On 11/25/2014 09:34 PM, Mike Bayer wrote:
On Nov 25, 2014, at 8:15 PM, Ahmed RAHAL <[email protected]> wrote:
Hi,
Le 2014-11-24 17:20, Michael Still a écrit :
Heya,
This is a new database, so its our big chance to get this right. So,
ideas welcome...
Some initial proposals:
- we do what we do in the current nova database -- we have a deleted
column, and we set it to true when we delete the instance.
- we have shadow tables and we move delete rows to a shadow table.
- something else super clever I haven't thought of.
Some random thoughts that came to mind ...
1/ as far as I remember, you rarely want to delete a row
- it's usually a heavy DB operation (well, was back then)
- it's destructive (but we may want that)
- it creates fragmentation (less of a problem depending on db engine)
- it can break foreign key relations if not done the proper way
deleting records with foreign key dependencies is a known quantity.

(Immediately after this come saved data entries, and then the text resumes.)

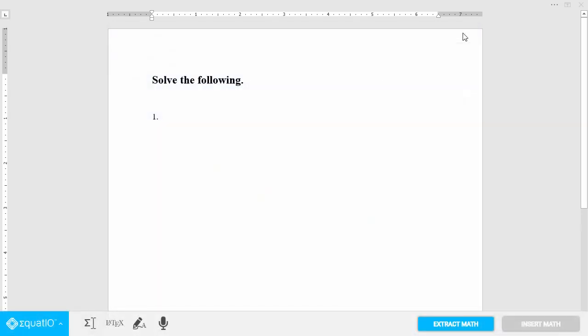Once you're signed in, you'll see your EquatIO toolbar at the bottom of your screen. To easily type expressions, equations, or formulas, open up the equation editor.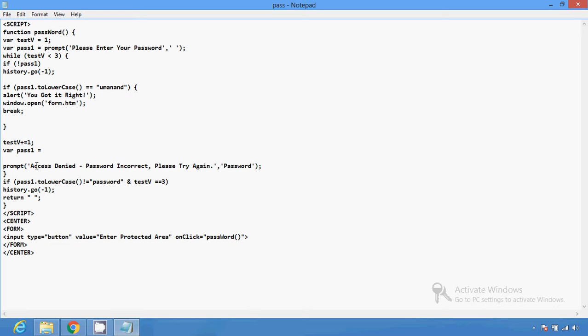These are different methods you can use to protect your web page. You can use another password or another web page in this code to redirect, or to set your own password. This is a simple script you can use to protect your web page.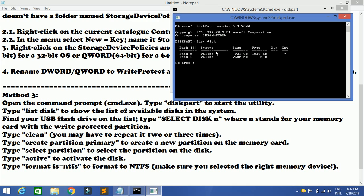Right now you will be getting two disks. Disk 0 is your main 931 GB — do not go ahead and format this because this is your main laptop or system. What needs to be formatted is disk 1, which has 7580 MB, which is almost 7.5 GB — that is your inserted SD card. To select that, we need to press the command 'select disk' where N is the number, either 0 or 1.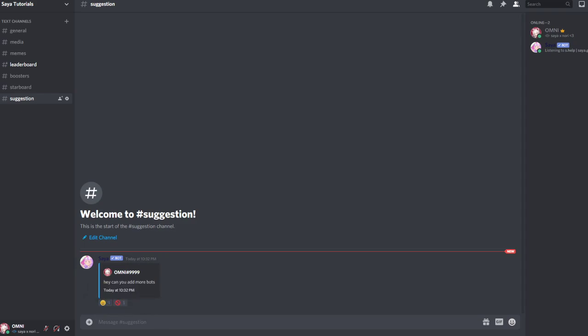And that's how you set up a suggestion channel. If you have any questions, make sure to join the support server linked below or check out the website zaya.rgg. Make sure to add the bot and have a good day. Bye!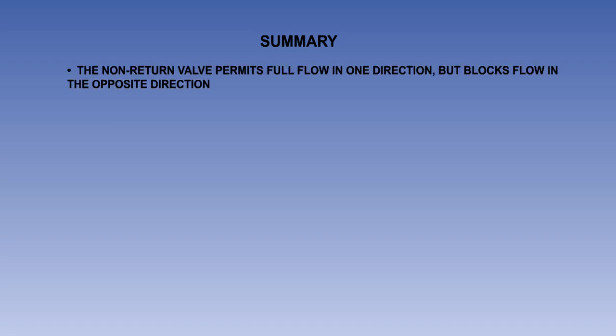That is the end of the lesson. Here is a recap of the components that we have covered. The non-return valve permits full flow in one direction, but blocks flow in the opposite direction, in a similar way to a diode in electrical circuits. This valve is also known as a check valve or non-reversible valve.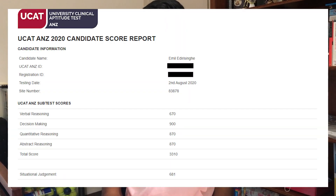Hi everyone and welcome back to the YouTube channel. My name is Emil and I'm a first year medical student currently studying at Monash University. Last year I graduated from Scotch College with an ATAR of 99.8 and a 99th percentile UCAT.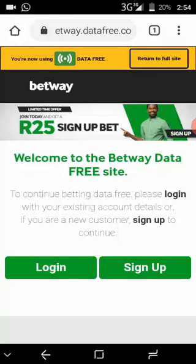Welcome to the channel. In this video I'm going to show you how to download the Betway data-free app that works with no data at all. In their recent promotion, Betway have made their site completely data-free, which you can access and then bet on sports with no data.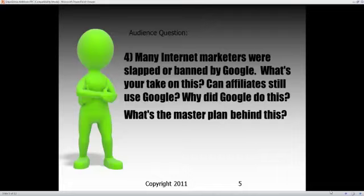I spend a lot of time in the internet marketing space where it's just people selling other people's products for a commission, trying to get somebody to look at a sales page and make a sale. They're trying to get traffic there cheap enough where it's profitable. A lot of internet marketers were slapped or banned by Google recently — a lot of them. What's your take on that, and do you think that affiliates can still use Google to generate traffic at a profit? And why did Google do this?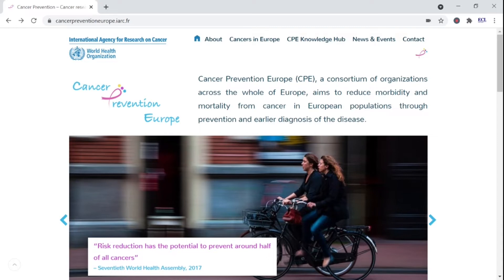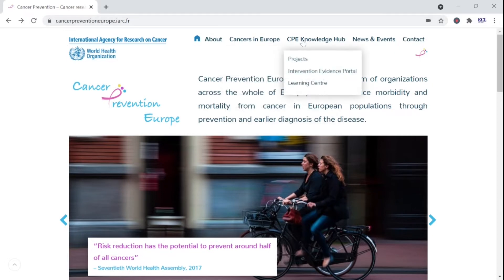Our friends at WHO International Agency for Research on Cancer have developed an online course that you can follow at your own pace to learn more about primary and secondary prevention of cancer as detailed in the European Code. Simply visit the Cancer Prevention Europe website and look for Learning Center under CPE Knowledge Hub.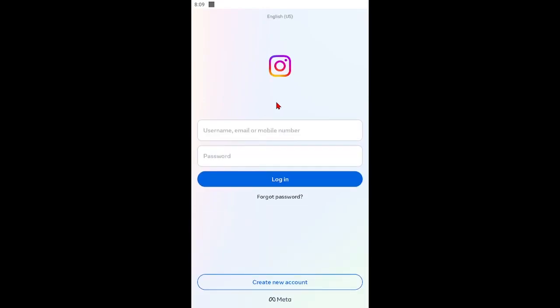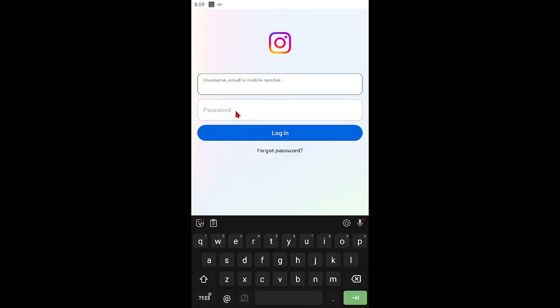We have successfully deactivated Instagram account. To reactivate Instagram account again, just type your username and password and login.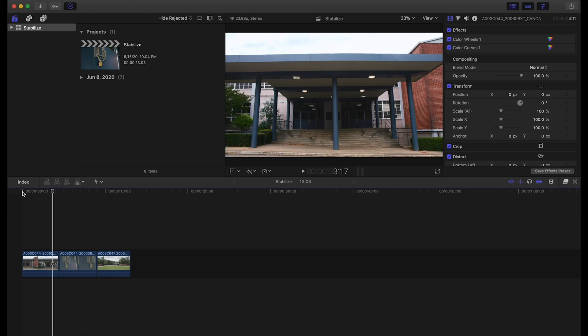Usually when you're trying to get these types of shots, you want to be on a gimbal—that's the perfect world scenario—or be working with a camera that does have some sort of stabilization built into it. Ultimately that'll just make the stabilizer's job easier and yield you better results in the end.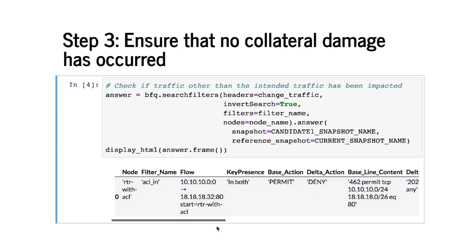If you look at this flow space carefully we'll realize what happened. This flow space corresponds to destination 18.18.18.32 which is actually broader than the destination space we wanted to permit.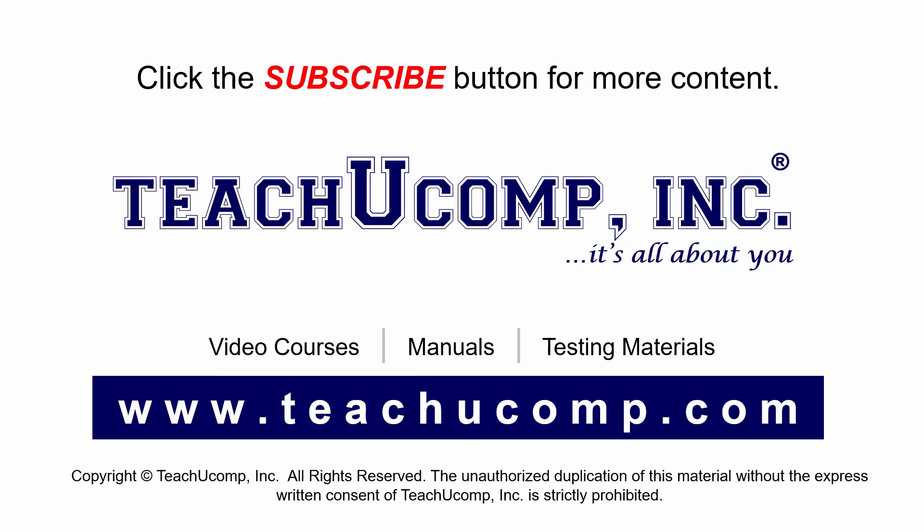Remember to click the Subscribe button to see more of our videos. Get ad-free courses at teachucomp.com.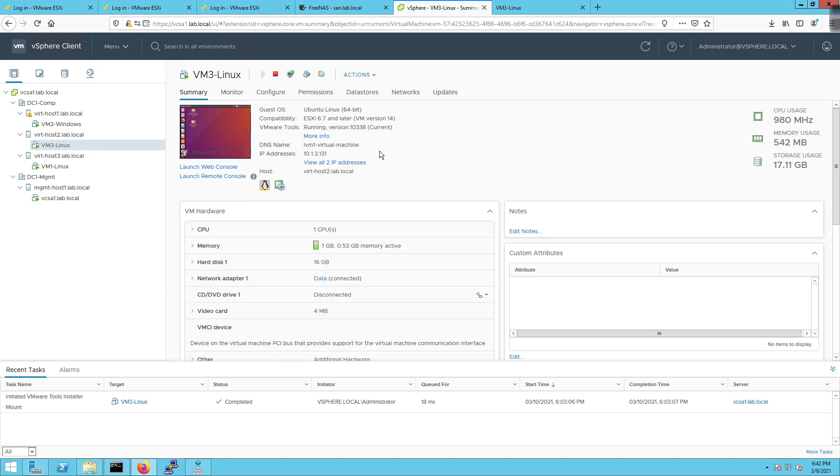And in the next video we're going to start talking about how you can do other things like create a template and do clones and all that type of good stuff. Thanks so much for stopping by and hanging out with me in this video. And until next time guys. Take it easy.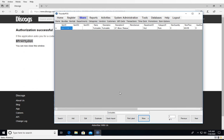So that is the basics of using Discogs within Thunder POS. If you have any questions feel free to contact us. We think this is going to be a really great database for record stores and any other stores that may sell music, so please let us know if there's anything else we can do to help.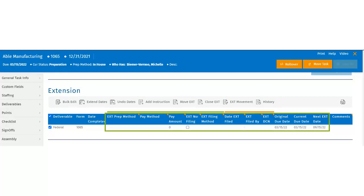They can easily select and update the preparation methods, payment methods, and enter the payment amount. Users can code the extension as not filing and update the extension filing method. The date the extension was filed will be populated when clicking on close extension. The extend dates, undo dates, and close X options are available only to those users with the manage extensions user right.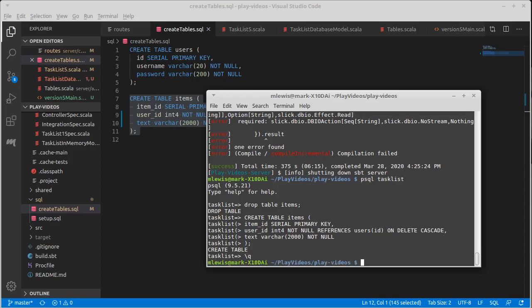We didn't have any data in there. Obviously, if you already had this in production, you would have to update the table as opposed to dropping and recreating. It's good to discover these things early in development instead of later on.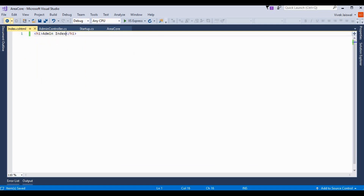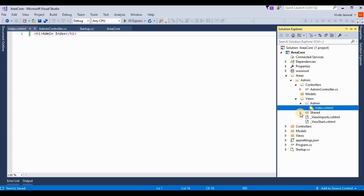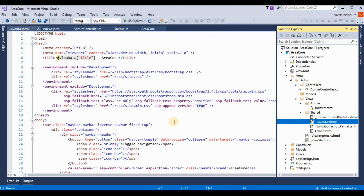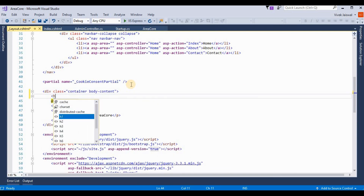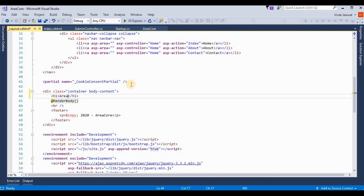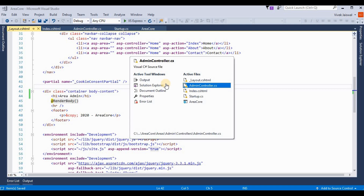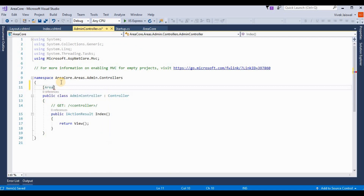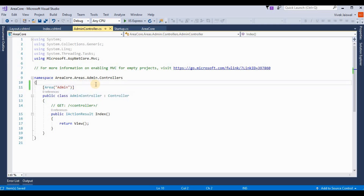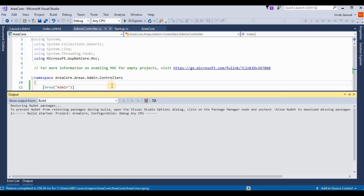For changing content, I write 'Admin Index' in the view. I also change the shared layout to differentiate from the home layout — I'm adding an h1 tag that says 'Area Admin'. Now I go to the AdminController and provide the area name attribute. My area name is 'admin'.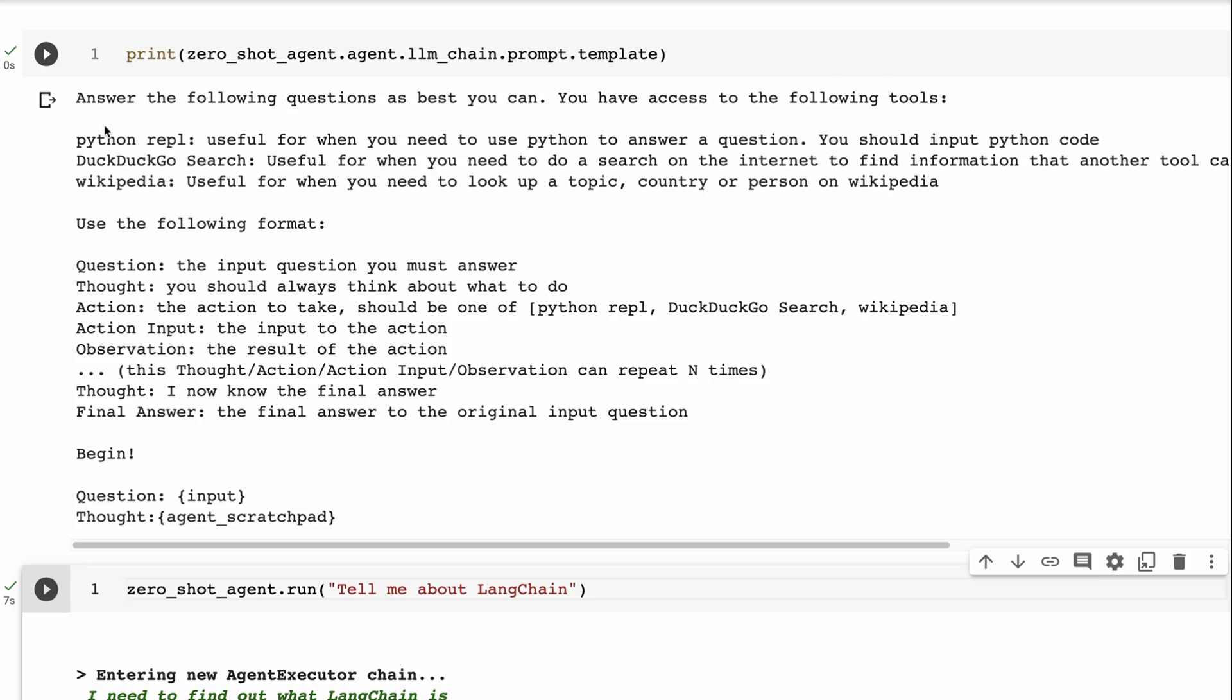And this is where you see our names, the Python REPL, and then the description, useful for when you need to use Python to answer a question, you should input Python code. DuckDuckGo search, useful for when you need to search the internet, etc. Like we looked at before, Wikipedia, useful for when you need to look up a topic, country, or person on Wikipedia.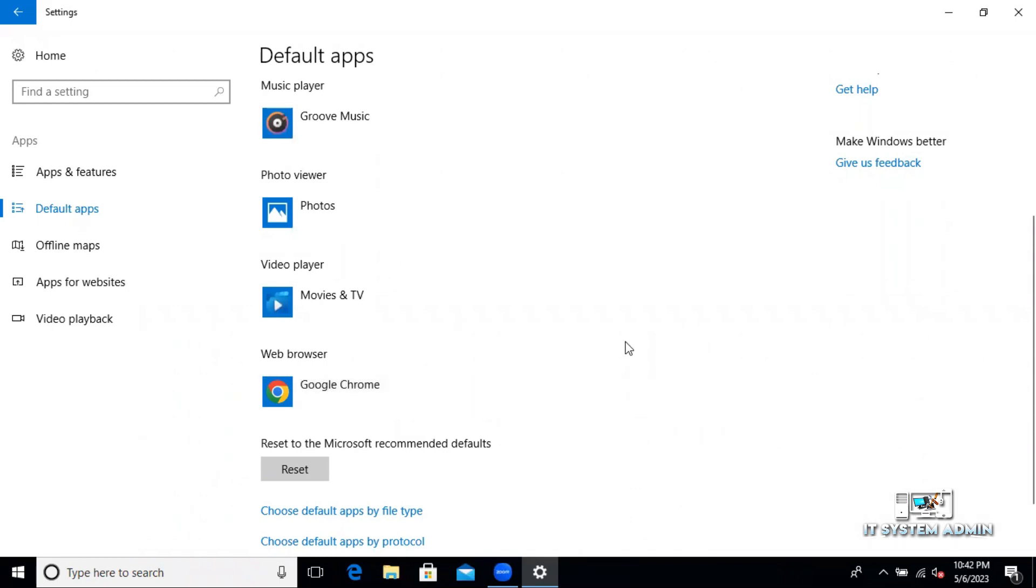This is the very easy way to make Google Chrome as default web browser.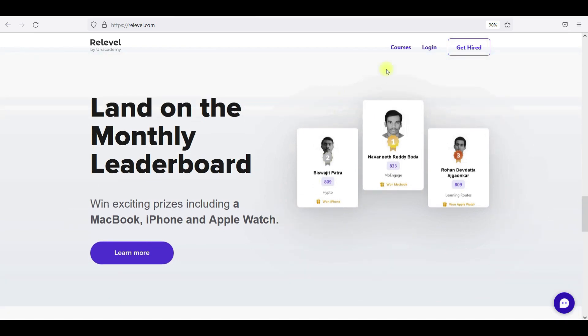Try to go into ReLevel, log in, and take your exam to get a job. 18th-pass is the only eligibility requirement and you can write it for free.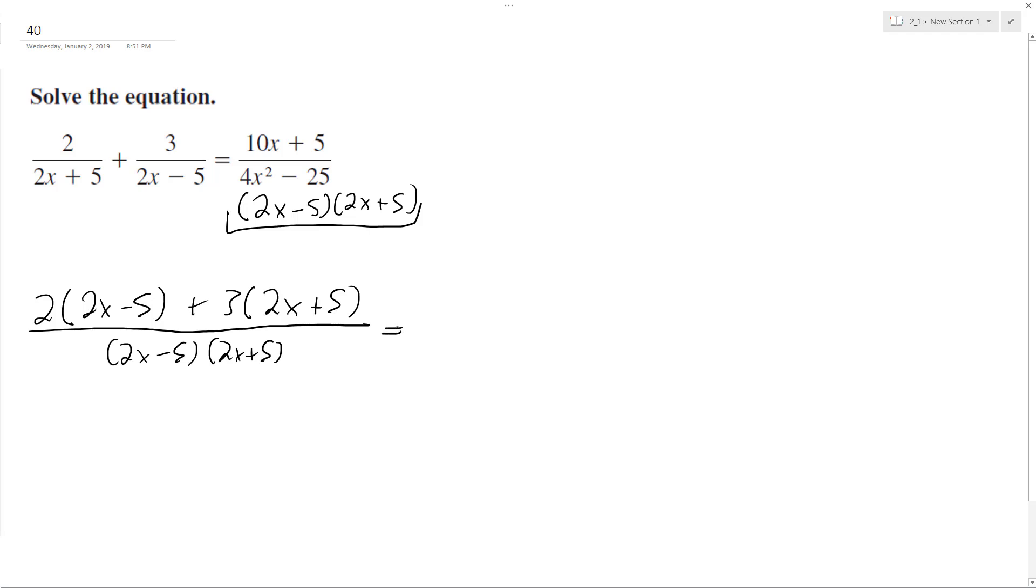And then on the right side, it's going to stay the same, 10x plus 5 over 2x minus 5, 2x plus 5.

Those
items are all related and being able to delete everything related is a
well-solved problem, both via ON DELETE cascades as well as standard ORM
features.
++
2/ updating a row to 'deleted=1'
- gives an opportunity to set a useful deletion time-stamp
I would even argue that setting the deleted_at field would suffice to declare a row
'deleted' (as in 'not NULL'). I know, "explicit is better than implicit" …
the logic that’s used is that “deleted” is set to the primary key of the
record, this is to allow UNIQUE constraints to be set up that serve on the
non-deleted rows only (e.g. UNIQUE on “x” + “deleted” is possible when there
are multiple “deleted” rows with “x”).
Indeed. Because people want to be able to name an instance one thing,
delete it, and immediately name another instance the same thing. Ugh --
what an annoying use case, IMO. Better to just delete the row out of the
database after archival/audit log of the operation.
- the update operation is not destructive
- an admin/DBA can decide when and how to purge/archive rows
3/ moving the row at deletion
- you want to avoid additional steps to complete an operation, thus avoid
creating a new record while deleting one
- even if you wrap things into a transaction, not being able to create a row
somewhere can make your delete transaction fail
- if I were to archive all deleted rows, at scale I'd probably move them to
another db server altogether
if you’re really “archiving”, I’d just dump out a log of what occurred to a
textual log file, then you archive the files. There’s no need for a pure
“audit trail” to even be in the relational DB.
Precisely. Why is the RDBMS the thing that is used for archival/audit
logging? Why not a NoSQL store or a centralized log facility? All that
would be needed would be for us to standardize on the format of the
archival record, standardize on the things to provide with the archival
record (for instance system metadata, etc), and then write a simple
module that would write an archival record to some backend data store.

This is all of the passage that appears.